Chinese EV ADRs dropped on Wednesday. Nio fell 4.5%; XPeng, Li Auto fell around 2%. The European Union has decided to increase tariffs on Chinese-built electric vehicles to as much as 45.3% at the end of its highest profile investigation that has divided Europe and prompted retaliation from Beijing.
Just over a year after launching its anti-subsidy probe, the European Commission will set out extra tariffs ranging from 7.8% for Tesla Motors to 35.3% for China's SAIC, on top of the EU's standard 10% car import duty.
The extra tariffs were formally approved and published in the EU's Official Journal on Tuesday, meaning they will take effect on Wednesday.
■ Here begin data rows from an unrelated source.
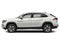 2023 Volkswagen Atlas Cross Sport 2.0T SE FWD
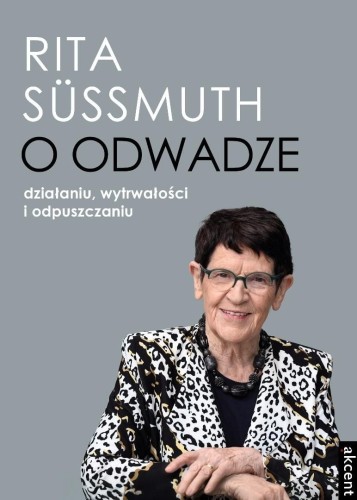 O odwadze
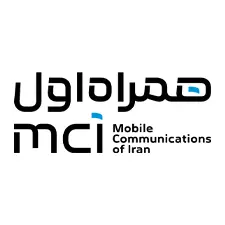 لوگو همراه اول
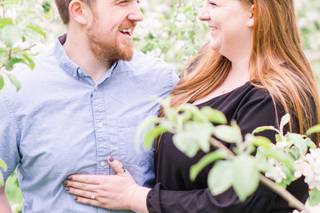 Samantha Grant Photography - 22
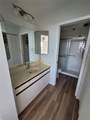 4460 Fairways Boulevard - Photo 20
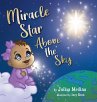 Miracle Star Above the Sky - Bild 1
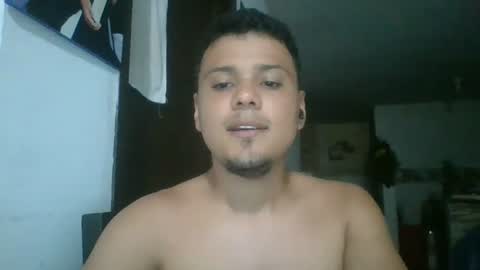 Snapshot of yeiko_44 chatting on July 2026 11:55:01 PM Yeiko online show from July 2026 11:55:01 PM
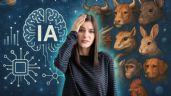 Foto ilustrativa de la nota titulada: Astrología oriental: este es el animal que corre grandes riesgos en la vida desde hoy miércoles 16 de julio, según Inteligencia Artificial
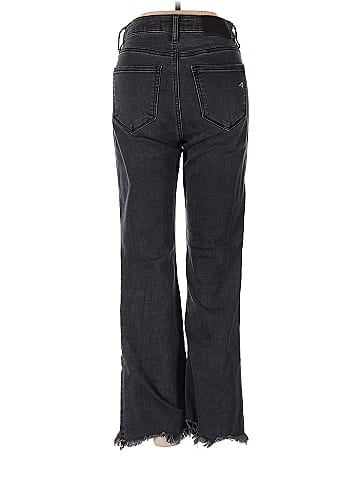 Hidden Jeans Jeans (view 2)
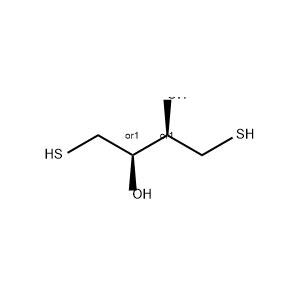 二硫代蘇糖醇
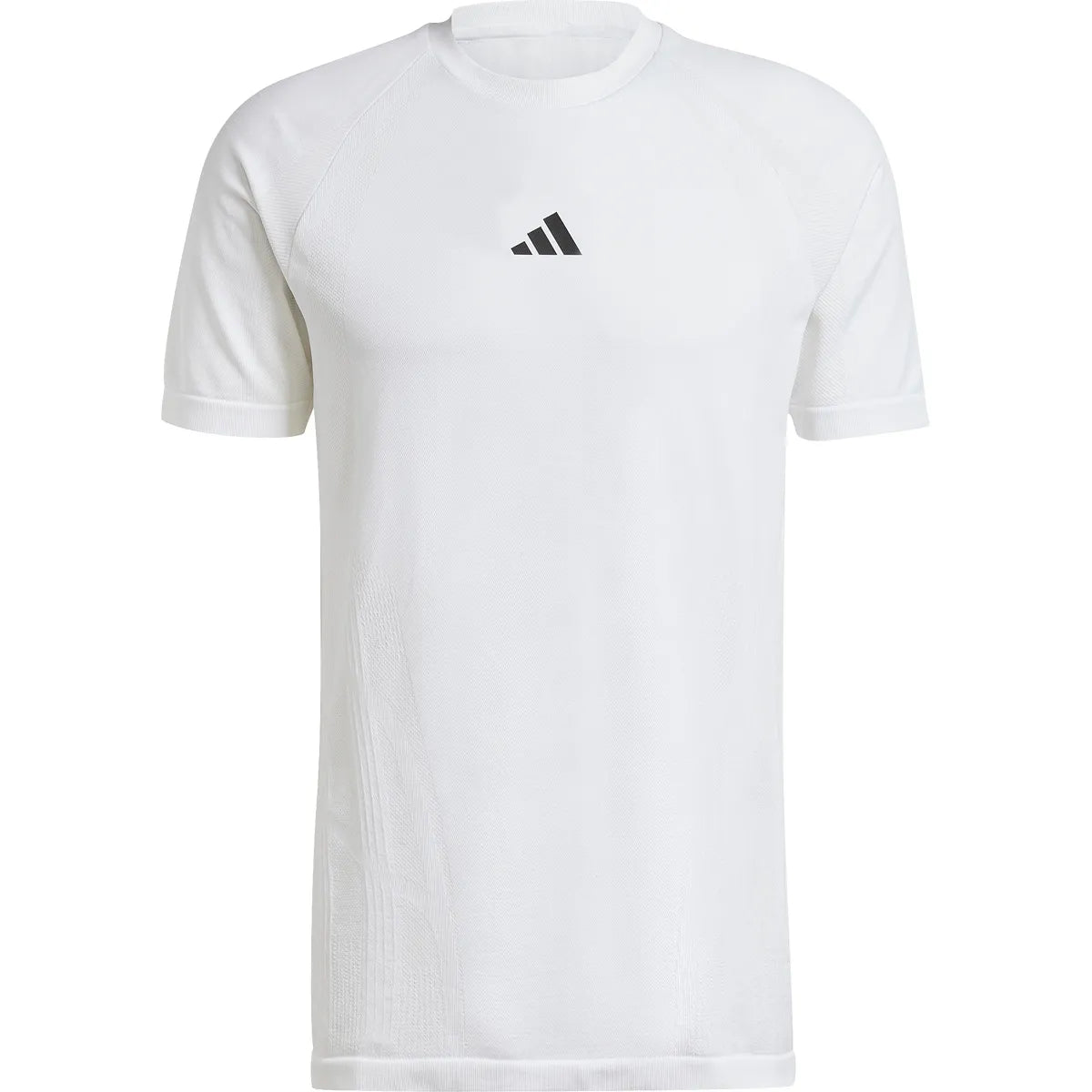T-SHIRT ADIDAS PRO SEAMLESS TSITSIPAS LONDRES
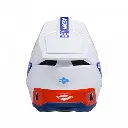 Screenshot 2024-12-14 at 13-12-01 CASQUE PERFORMANCE FLAG.webp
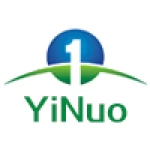 Huaining Yinuo Paper Co., Ltd.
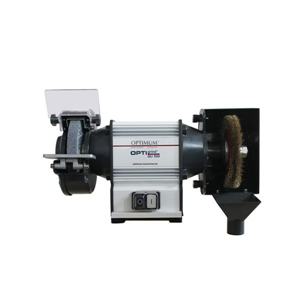 Máy gia công kim loại Optimum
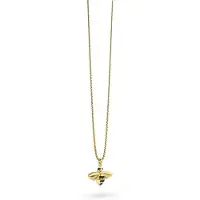 Metalmorphose Bihalsband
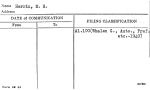 Herrin, M.H.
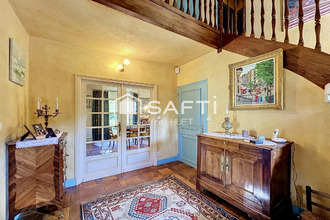 achat maison sable-sur-sarthe 72300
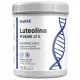 HealthX Luteolină 98% 15 g – Supliment Natural pentru Sănătatea Cerebrală și Protecție Antioxidantă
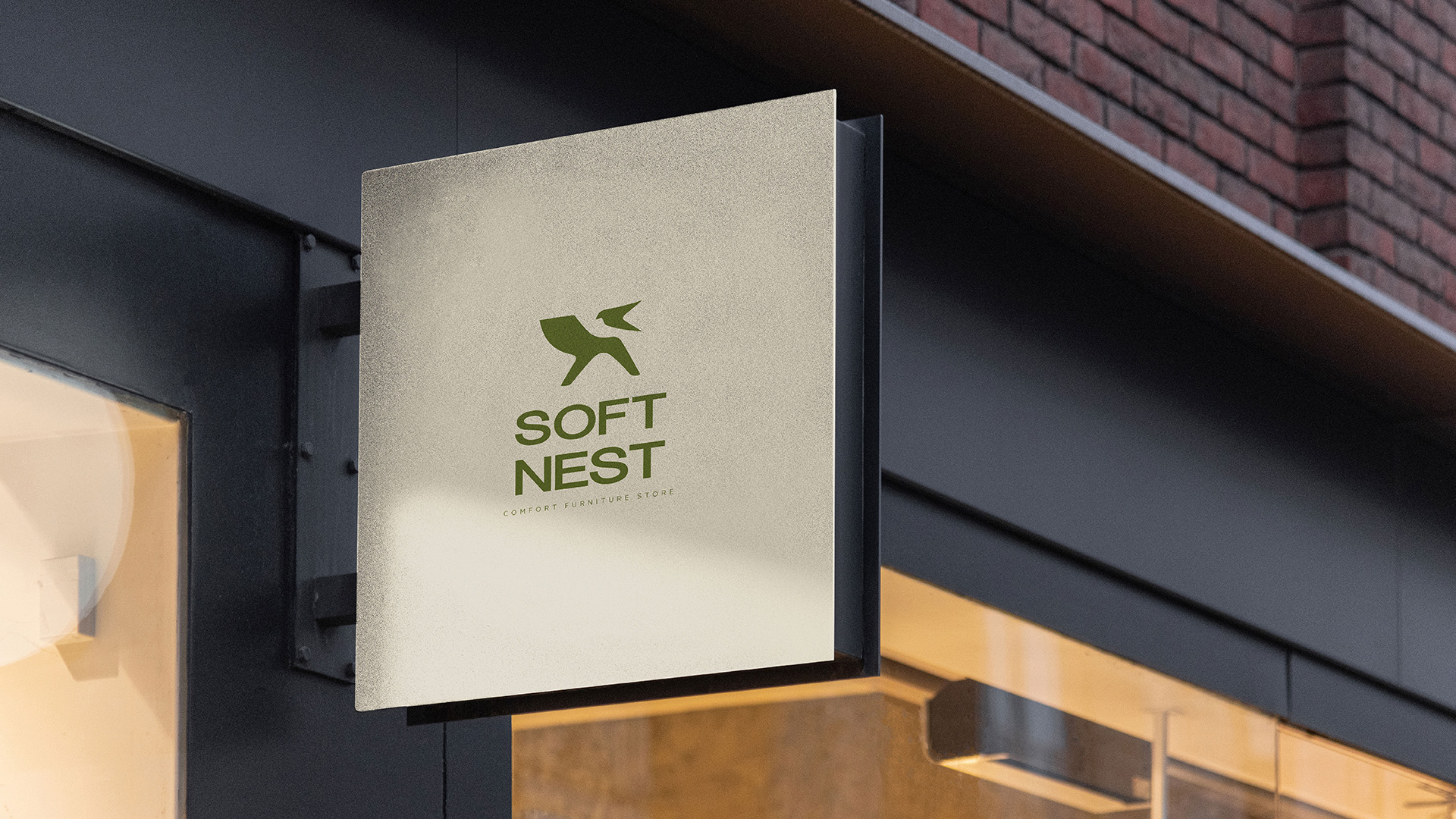 гайдбук_Монтажная область 1-04.jpg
The Commission, which oversees EU trade policy, has said tariffs are required to counter what it says are unfair subsidies including preferential financing and grants as well as land, batteries and raw materials at below market prices.
It says China's spare production capacity of 3 million EVs per year is twice the size of the EU market. Given 100% tariffs in the United States and Canada, the most obvious outlet for those EVs is Europe.
The China Chamber of Commerce to the EU said it was profoundly disappointed by the "protectionist" and "arbitrary" EU measure and was disheartened by the lack of substantial progress in negotiations to find an alternative to tariffs.
Beijing launched its own probes this year into imports of EU brandy, dairy and pork products in apparent retaliation.